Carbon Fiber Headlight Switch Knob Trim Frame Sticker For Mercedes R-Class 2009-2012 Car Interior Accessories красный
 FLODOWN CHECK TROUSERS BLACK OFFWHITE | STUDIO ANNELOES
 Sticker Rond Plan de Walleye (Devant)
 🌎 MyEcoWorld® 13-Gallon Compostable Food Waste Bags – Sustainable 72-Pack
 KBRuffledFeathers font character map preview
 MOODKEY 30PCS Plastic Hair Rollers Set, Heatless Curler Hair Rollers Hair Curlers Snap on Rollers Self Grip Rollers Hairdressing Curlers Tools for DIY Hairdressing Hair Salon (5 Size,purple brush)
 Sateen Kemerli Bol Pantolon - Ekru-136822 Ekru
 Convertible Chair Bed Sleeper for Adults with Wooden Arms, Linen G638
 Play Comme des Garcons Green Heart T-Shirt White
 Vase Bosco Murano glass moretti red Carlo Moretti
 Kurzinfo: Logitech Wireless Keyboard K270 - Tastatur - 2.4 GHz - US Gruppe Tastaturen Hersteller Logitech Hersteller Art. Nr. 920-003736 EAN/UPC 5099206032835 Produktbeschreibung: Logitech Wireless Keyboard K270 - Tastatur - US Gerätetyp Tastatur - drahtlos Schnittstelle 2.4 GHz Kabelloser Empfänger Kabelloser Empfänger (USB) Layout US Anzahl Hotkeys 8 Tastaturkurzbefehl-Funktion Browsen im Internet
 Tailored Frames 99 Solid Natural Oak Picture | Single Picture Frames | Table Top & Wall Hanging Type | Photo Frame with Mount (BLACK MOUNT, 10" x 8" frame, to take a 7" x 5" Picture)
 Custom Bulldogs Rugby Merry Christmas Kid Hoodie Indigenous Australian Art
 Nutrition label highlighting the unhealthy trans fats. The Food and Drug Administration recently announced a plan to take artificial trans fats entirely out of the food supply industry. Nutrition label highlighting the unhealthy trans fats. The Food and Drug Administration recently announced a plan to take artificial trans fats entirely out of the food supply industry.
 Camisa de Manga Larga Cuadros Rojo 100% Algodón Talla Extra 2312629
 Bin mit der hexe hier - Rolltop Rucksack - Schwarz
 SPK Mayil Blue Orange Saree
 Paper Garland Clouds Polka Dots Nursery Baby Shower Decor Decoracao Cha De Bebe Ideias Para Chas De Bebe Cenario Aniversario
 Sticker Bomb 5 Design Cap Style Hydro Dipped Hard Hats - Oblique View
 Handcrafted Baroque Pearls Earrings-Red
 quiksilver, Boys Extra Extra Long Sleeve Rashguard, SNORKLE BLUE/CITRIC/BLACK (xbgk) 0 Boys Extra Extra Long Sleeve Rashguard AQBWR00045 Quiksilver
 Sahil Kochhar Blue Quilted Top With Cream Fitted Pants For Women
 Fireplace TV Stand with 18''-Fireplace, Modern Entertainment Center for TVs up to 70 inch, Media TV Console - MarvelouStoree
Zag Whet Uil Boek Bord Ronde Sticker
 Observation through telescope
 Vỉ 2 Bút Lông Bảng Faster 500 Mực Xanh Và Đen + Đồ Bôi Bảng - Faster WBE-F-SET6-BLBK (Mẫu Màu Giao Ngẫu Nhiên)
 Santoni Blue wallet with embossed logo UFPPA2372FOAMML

——————————

=== Exercise directions ===
Line by line, copy the data above.

=== Exercise response ===
Carbon Fiber Headlight Switch Knob Trim Frame Sticker For Mercedes R-Class 2009-2012 Car Interior Accessories красный
 FLODOWN CHECK TROUSERS BLACK OFFWHITE | STUDIO ANNELOES
 Sticker Rond Plan de Walleye (Devant)
 🌎 MyEcoWorld® 13-Gallon Compostable Food Waste Bags – Sustainable 72-Pack
 KBRuffledFeathers font character map preview
 MOODKEY 30PCS Plastic Hair Rollers Set, Heatless Curler Hair Rollers Hair Curlers Snap on Rollers Self Grip Rollers Hairdressing Curlers Tools for DIY Hairdressing Hair Salon (5 Size,purple brush)
 Sateen Kemerli Bol Pantolon - Ekru-136822 Ekru
 Convertible Chair Bed Sleeper for Adults with Wooden Arms, Linen G638
 Play Comme des Garcons Green Heart T-Shirt White
 Vase Bosco Murano glass moretti red Carlo Moretti
 Kurzinfo: Logitech Wireless Keyboard K270 - Tastatur - 2.4 GHz - US Gruppe Tastaturen Hersteller Logitech Hersteller Art. Nr. 920-003736 EAN/UPC 5099206032835 Produktbeschreibung: Logitech Wireless Keyboard K270 - Tastatur - US Gerätetyp Tastatur - drahtlos Schnittstelle 2.4 GHz Kabelloser Empfänger Kabelloser Empfänger (USB) Layout US Anzahl Hotkeys 8 Tastaturkurzbefehl-Funktion Browsen im Internet
 Tailored Frames 99 Solid Natural Oak Picture | Single Picture Frames | Table Top & Wall Hanging Type | Photo Frame with Mount (BLACK MOUNT, 10" x 8" frame, to take a 7" x 5" Picture)
 Custom Bulldogs Rugby Merry Christmas Kid Hoodie Indigenous Australian Art
 Nutrition label highlighting the unhealthy trans fats. The Food and Drug Administration recently announced a plan to take artificial trans fats entirely out of the food supply industry. Nutrition label highlighting the unhealthy trans fats. The Food and Drug Administration recently announced a plan to take artificial trans fats entirely out of the food supply industry.
 Camisa de Manga Larga Cuadros Rojo 100% Algodón Talla Extra 2312629
 Bin mit der hexe hier - Rolltop Rucksack - Schwarz
 SPK Mayil Blue Orange Saree
 Paper Garland Clouds Polka Dots Nursery Baby Shower Decor Decoracao Cha De Bebe Ideias Para Chas De Bebe Cenario Aniversario
 Sticker Bomb 5 Design Cap Style Hydro Dipped Hard Hats - Oblique View
 Handcrafted Baroque Pearls Earrings-Red
 quiksilver, Boys Extra Extra Long Sleeve Rashguard, SNORKLE BLUE/CITRIC/BLACK (xbgk) 0 Boys Extra Extra Long Sleeve Rashguard AQBWR00045 Quiksilver
 Sahil Kochhar Blue Quilted Top With Cream Fitted Pants For Women
 Fireplace TV Stand with 18''-Fireplace, Modern Entertainment Center for TVs up to 70 inch, Media TV Console - MarvelouStoree
Zag Whet Uil Boek Bord Ronde Sticker
 Observation through telescope
 Vỉ 2 Bút Lông Bảng Faster 500 Mực Xanh Và Đen + Đồ Bôi Bảng - Faster WBE-F-SET6-BLBK (Mẫu Màu Giao Ngẫu Nhiên)
 Santoni Blue wallet with embossed logo UFPPA2372FOAMML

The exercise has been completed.